4. Maximum Likelihood Estimation

This a procedure or a method to find the parameters which maximize the likelihood. Let \(\theta\) be a parameter of a distribution that generates \(x\), \(p(x | \theta)\). This is the likelihood is the Bayes rule:

\[p(\theta | x) = \frac{p(x | \theta) p(\theta)}{p(x)}\]

So, we want to know what is the value os \(\theta\) which gives the maximum value of the likelihood for our observed data \(x\).
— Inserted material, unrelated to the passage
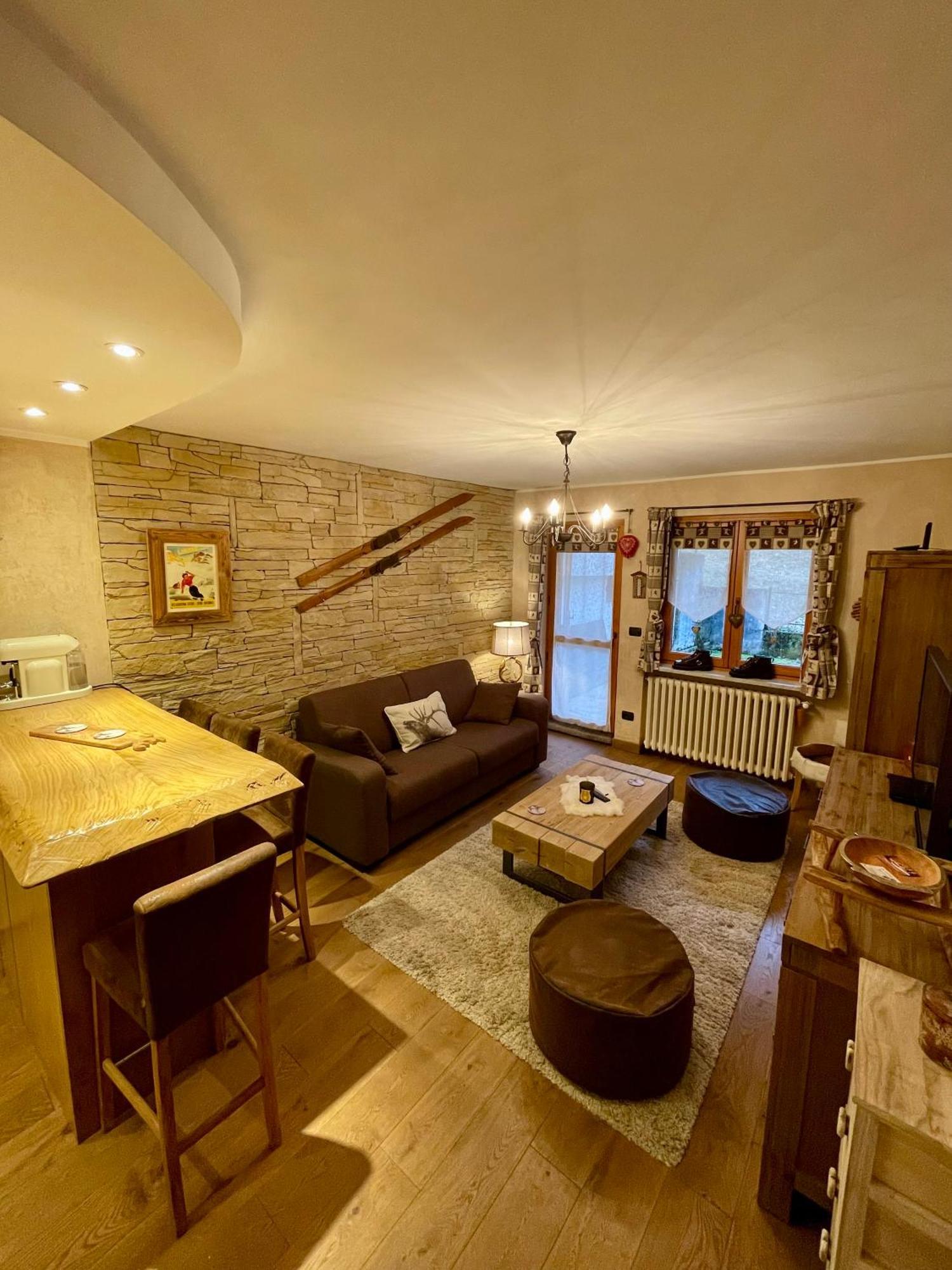 Апартаменты La Casa Del Cervo Лимоне-Пьемонте Экстерьер фото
The likelihood function is:

\[L(\theta,X) = p(X | \theta) = \prod_{i=1}^{N} p(x_{i} | \theta).\]

The log-likelihood is:

\[\mathcal{L}(\theta,X) = \ln{L}(\theta,X) = \sum_{i=1}^{N} \ln{p(x_{i} | \theta)}\]

and we want:

\[\theta_{ml} = argmax_{\theta} L(\theta,X).\]

For known distributions it is possible to find closed forms for the estimator. When that is the case we can find the critical point setting

\[\frac{\partial \mathcal{L}(\theta,X)}{\partial \theta} = 0\]

and solve it for \(\theta\).

Let us try an example.

4.1. Maximum Likelihood Estimation for Bernoulli distribution

\(Bernoulli(x | \theta) = p(x | \theta) = \theta^{x}(1-\theta)^{1-x}\) where \(x \in \lbrace 0,1 \rbrace\)

\[L(\theta,X) = \prod_{i=1}^{N}\theta^{x_{i}}(1-\theta)^{1-x_{i}}\]
\[\mathcal{L}(\theta,X) = \sum_{i=1}^{N}\ln{\theta^{x_{i}}} + \sum_{i=1}^{N}(1-\theta)^{1-x_{i}} = \ln{\theta}\sum_{i=1}^{N}x_{i} + \ln{(1-\theta)}\sum_{i=1}^{N}1-x_{i}\]
\[\frac{\partial \mathcal{L}(\theta,X)}{\partial \theta} = \frac{1}{\theta}\sum_{i=1}^{N}x_{i} - \frac{1}{1-\theta}\sum_{i=1}^{N}(1-x_{i})=0\]

Solving it we have

\[\theta_{ml} = \frac{1}{N}\sum_{i=1}^{N}x_{i}\]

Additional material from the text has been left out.